-------- RECORDS FOR THIS EXERCISE --------
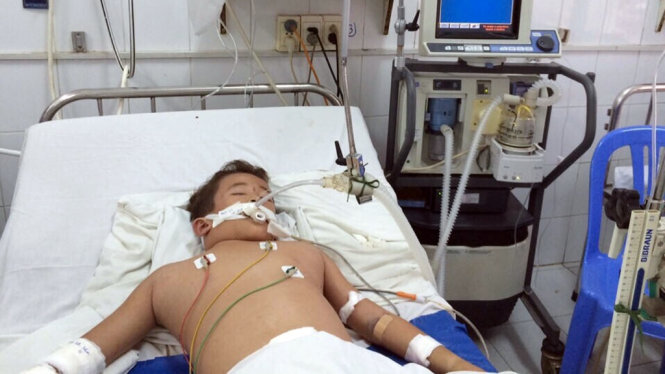 Bé Duy lúc bệnh nặng đang thở máy áp lực cao - Ảnh: Bệnh viện cung cấp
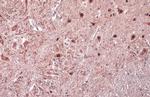 ISL2 Polyclonal Antibody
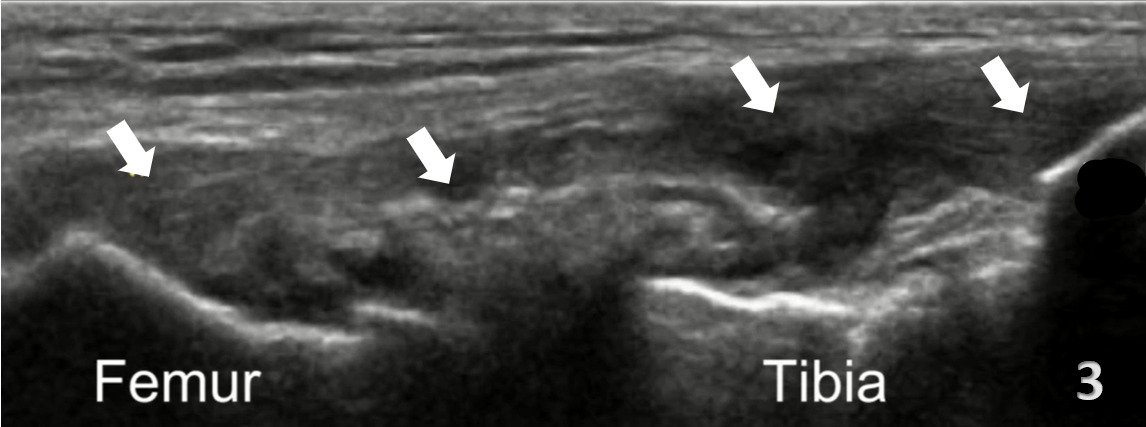 An ultrasound of a fetus AI-generated content may be incorrect.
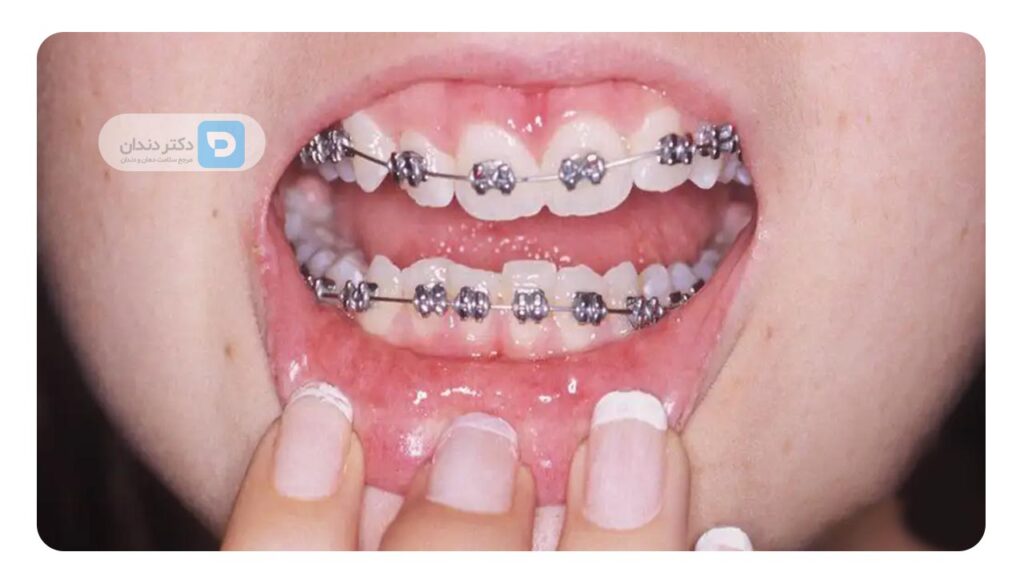 عکس ارتودنسی ثابت فلزی
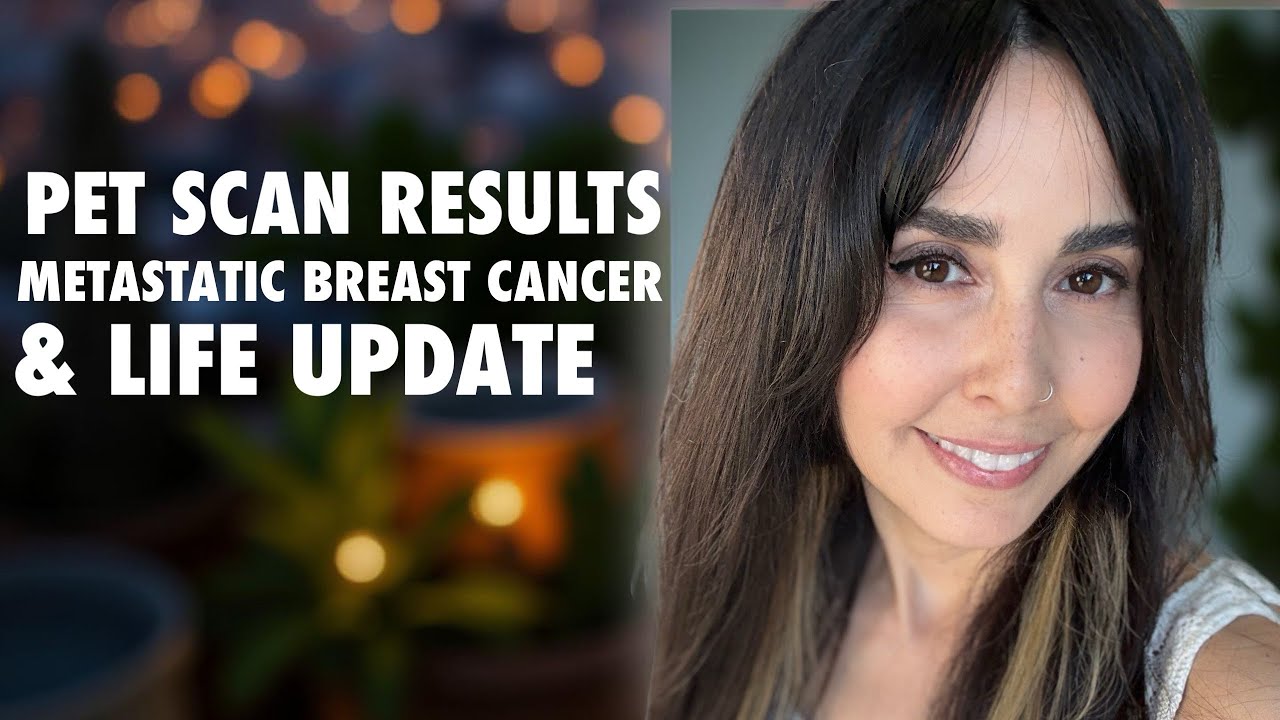 PET SCAN / NEW TREATMENT / LIFE UPDATES 💕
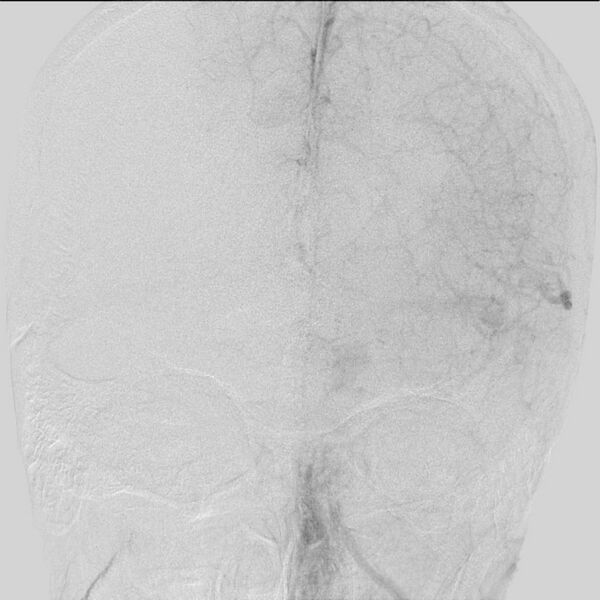 File:Cerebral aneurysm with rupture (Radiopaedia 29933-30458 LT ICA IC 21).jpg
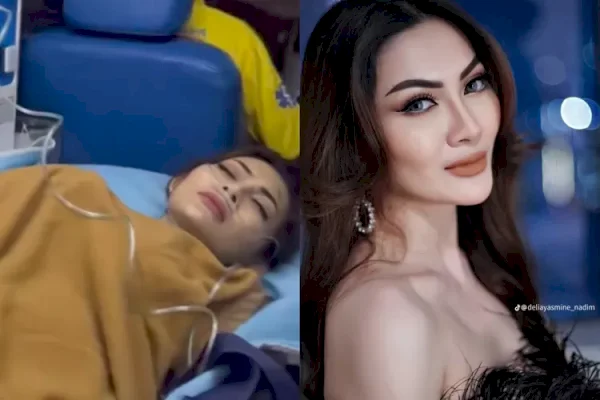 Nyaris Tewas, Artis Delia Yasmine Kecelakaan di Tol Jagorawi, Bahaya Nyata Ngantuk Saat Mengemudi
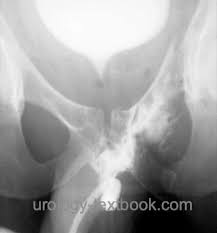 Image result for Retrograde Urethrogram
--------
■ WORK ITEM ■
Return only the lines from the line containing "عکس ارتودنسی ثابت فلزی" through the last line of the records above, both ends included, exactly as written, leaving pictures out.

■ TASK SOLUTION ■
 عکس ارتودنسی ثابت فلزی
 PET SCAN / NEW TREATMENT / LIFE UPDATES 💕
 File:Cerebral aneurysm with rupture (Radiopaedia 29933-30458 LT ICA IC 21).jpg
 Nyaris Tewas, Artis Delia Yasmine Kecelakaan di Tol Jagorawi, Bahaya Nyata Ngantuk Saat Mengemudi
 Image result for Retrograde Urethrogram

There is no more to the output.